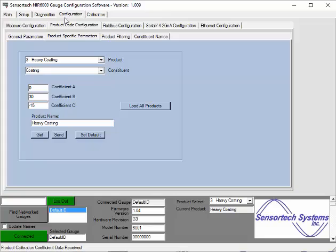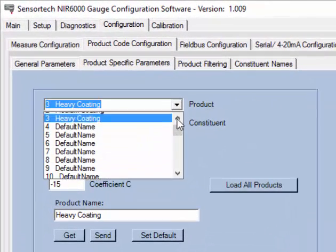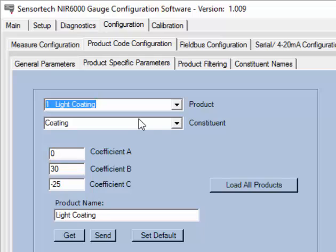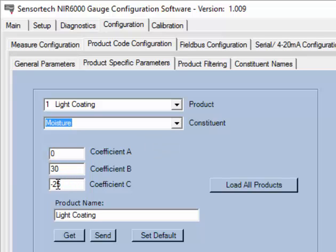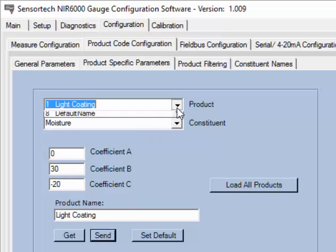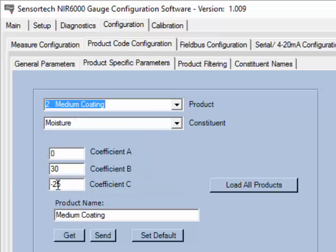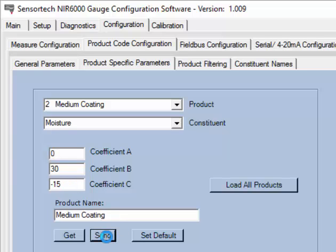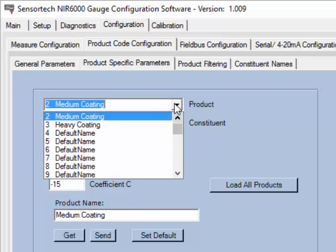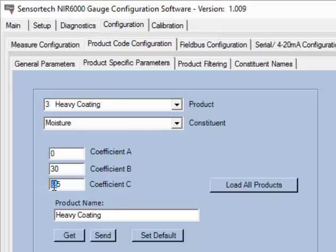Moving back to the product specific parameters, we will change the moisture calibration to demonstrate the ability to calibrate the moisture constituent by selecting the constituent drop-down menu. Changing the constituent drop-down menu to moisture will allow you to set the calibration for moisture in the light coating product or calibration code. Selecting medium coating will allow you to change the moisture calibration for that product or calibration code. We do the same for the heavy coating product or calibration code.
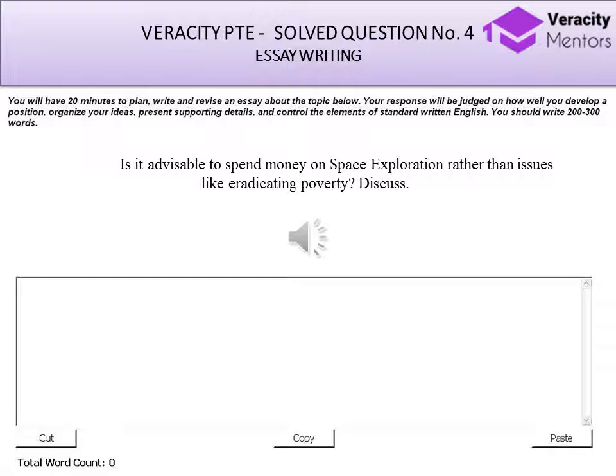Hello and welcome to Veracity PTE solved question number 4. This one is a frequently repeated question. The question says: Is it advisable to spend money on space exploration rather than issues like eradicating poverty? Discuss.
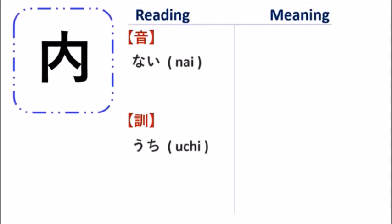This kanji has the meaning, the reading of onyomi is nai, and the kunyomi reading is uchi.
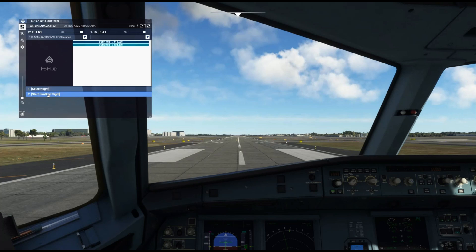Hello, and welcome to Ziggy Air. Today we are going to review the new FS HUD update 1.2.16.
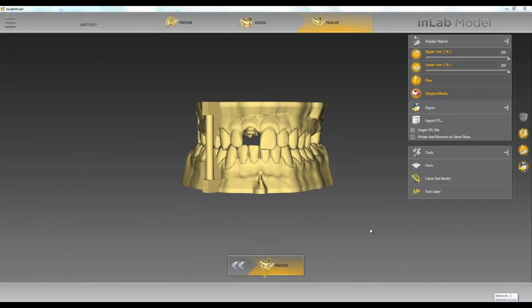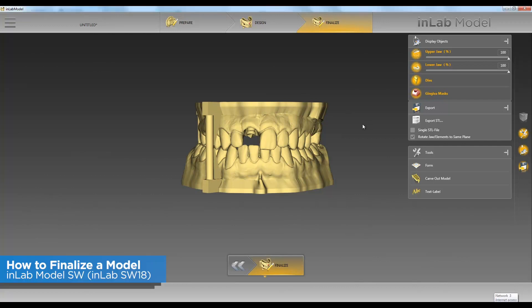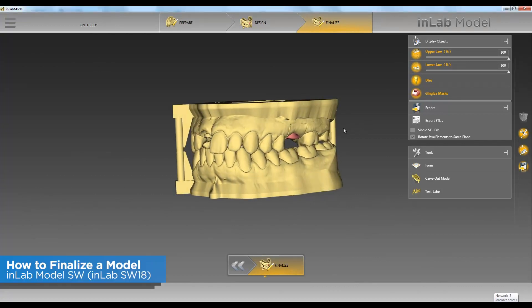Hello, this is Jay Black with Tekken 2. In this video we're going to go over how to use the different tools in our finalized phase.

■ ■ ■ ■ ■ ■ ■

PROBLEM TO WORK ON
Return exactly the lines from the line with "Hello and welcome" through the last line of the data above, both included; pictures do not go in the answer.

SOLUTION TO THIS PROBLEM
Hello and welcome to Veracity PTE solved question number 4. This one is a frequently repeated question. The question says: Is it advisable to spend money on space exploration rather than issues like eradicating poverty? Discuss.
This kanji has the meaning, the reading of onyomi is nai, and the kunyomi reading is uchi.
Hello, and welcome to Ziggy Air. Today we are going to review the new FS HUD update 1.2.16.
Hello, this is Jay Black with Tekken 2. In this video we're going to go over how to use the different tools in our finalized phase.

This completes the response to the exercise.